Source information:

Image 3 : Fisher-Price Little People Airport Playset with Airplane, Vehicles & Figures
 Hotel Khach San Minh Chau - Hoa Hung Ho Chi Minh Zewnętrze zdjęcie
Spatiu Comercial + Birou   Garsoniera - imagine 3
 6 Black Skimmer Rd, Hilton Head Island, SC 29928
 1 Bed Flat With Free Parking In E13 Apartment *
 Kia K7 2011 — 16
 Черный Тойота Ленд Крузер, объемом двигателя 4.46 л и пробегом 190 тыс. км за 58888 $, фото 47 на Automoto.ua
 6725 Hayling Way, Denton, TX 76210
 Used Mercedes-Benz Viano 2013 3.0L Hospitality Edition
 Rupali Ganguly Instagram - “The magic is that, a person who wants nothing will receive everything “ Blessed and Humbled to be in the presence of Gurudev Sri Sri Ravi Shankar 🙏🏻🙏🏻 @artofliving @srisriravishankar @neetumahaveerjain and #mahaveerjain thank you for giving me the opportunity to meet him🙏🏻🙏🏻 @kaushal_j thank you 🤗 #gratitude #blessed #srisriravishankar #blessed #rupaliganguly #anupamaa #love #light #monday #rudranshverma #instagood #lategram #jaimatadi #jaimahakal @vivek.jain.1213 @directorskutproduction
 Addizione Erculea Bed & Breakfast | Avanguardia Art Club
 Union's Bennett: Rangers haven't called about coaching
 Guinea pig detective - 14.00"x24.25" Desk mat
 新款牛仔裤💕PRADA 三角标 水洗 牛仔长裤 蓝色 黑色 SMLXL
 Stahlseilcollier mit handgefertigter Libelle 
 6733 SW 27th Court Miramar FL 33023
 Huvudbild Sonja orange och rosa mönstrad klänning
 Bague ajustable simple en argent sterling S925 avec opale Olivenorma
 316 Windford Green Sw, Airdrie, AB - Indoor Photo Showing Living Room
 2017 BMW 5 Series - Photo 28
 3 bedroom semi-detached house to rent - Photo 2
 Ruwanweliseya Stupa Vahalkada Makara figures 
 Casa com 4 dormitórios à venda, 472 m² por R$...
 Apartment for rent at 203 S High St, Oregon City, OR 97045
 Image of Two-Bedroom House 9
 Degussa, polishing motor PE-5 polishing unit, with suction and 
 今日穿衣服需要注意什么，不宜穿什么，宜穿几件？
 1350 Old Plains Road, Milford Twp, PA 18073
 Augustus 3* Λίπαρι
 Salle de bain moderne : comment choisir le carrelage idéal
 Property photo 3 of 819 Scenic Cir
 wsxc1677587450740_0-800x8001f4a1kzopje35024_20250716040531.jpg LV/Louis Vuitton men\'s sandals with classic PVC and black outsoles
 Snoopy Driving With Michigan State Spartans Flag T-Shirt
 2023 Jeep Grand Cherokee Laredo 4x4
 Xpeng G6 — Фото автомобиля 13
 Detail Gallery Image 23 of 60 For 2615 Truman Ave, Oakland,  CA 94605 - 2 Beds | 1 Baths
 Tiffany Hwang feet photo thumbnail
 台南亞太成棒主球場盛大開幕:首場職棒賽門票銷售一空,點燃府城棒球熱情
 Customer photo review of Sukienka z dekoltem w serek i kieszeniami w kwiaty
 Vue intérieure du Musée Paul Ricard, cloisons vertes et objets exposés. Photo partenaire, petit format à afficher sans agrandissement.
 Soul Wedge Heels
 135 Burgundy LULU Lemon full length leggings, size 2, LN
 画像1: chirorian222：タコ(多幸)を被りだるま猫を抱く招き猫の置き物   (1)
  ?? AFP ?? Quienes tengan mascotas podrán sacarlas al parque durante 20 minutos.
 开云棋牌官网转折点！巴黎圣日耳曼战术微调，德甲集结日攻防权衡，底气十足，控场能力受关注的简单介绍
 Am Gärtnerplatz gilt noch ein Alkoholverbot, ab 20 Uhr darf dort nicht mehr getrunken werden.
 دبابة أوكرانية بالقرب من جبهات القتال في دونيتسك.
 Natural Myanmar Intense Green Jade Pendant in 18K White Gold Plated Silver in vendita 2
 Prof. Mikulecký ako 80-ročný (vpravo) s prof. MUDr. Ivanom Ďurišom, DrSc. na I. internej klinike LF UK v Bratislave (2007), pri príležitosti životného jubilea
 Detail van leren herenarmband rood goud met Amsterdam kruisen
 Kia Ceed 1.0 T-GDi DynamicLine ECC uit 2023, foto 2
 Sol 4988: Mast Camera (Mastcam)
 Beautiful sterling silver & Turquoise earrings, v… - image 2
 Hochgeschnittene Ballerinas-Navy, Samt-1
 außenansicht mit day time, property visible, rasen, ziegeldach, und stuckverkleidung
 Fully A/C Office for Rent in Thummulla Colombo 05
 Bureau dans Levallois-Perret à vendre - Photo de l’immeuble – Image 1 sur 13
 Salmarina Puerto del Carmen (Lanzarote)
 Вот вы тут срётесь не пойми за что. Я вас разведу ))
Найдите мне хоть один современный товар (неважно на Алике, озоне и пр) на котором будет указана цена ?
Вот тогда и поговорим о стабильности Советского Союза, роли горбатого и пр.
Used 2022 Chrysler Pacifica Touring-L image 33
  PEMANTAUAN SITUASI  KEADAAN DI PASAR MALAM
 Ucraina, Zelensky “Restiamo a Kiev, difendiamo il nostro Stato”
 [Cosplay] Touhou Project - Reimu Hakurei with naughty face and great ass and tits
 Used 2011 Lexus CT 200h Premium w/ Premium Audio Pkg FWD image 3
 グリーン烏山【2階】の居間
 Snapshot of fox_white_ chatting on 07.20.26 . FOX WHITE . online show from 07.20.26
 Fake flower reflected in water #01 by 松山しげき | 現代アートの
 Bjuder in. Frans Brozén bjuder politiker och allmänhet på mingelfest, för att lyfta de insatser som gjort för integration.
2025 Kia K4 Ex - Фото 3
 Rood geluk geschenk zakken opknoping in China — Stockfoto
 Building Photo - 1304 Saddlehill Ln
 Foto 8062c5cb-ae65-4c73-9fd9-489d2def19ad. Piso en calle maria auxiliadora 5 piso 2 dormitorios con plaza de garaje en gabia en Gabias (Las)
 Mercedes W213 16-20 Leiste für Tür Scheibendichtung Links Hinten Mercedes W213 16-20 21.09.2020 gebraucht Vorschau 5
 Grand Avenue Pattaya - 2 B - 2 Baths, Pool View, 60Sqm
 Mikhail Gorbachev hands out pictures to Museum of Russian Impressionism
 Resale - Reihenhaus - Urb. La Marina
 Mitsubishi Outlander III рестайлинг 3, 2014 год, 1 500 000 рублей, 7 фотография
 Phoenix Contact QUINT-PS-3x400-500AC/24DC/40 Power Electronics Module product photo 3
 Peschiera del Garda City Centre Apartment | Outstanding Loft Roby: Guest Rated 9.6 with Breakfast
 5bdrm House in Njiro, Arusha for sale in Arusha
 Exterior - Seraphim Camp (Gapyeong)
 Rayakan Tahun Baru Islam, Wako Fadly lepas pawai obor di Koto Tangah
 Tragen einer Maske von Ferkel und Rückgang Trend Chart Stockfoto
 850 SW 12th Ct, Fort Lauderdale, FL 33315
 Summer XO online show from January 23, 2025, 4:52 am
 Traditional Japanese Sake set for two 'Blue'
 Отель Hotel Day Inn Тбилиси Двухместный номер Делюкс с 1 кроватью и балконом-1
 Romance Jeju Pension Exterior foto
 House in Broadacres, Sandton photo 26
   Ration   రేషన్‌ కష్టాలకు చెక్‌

Exercise requirements: Across the material above, how many lines include the word "Stockfoto"? Respond with nothing but the number.

Solution for this task: 2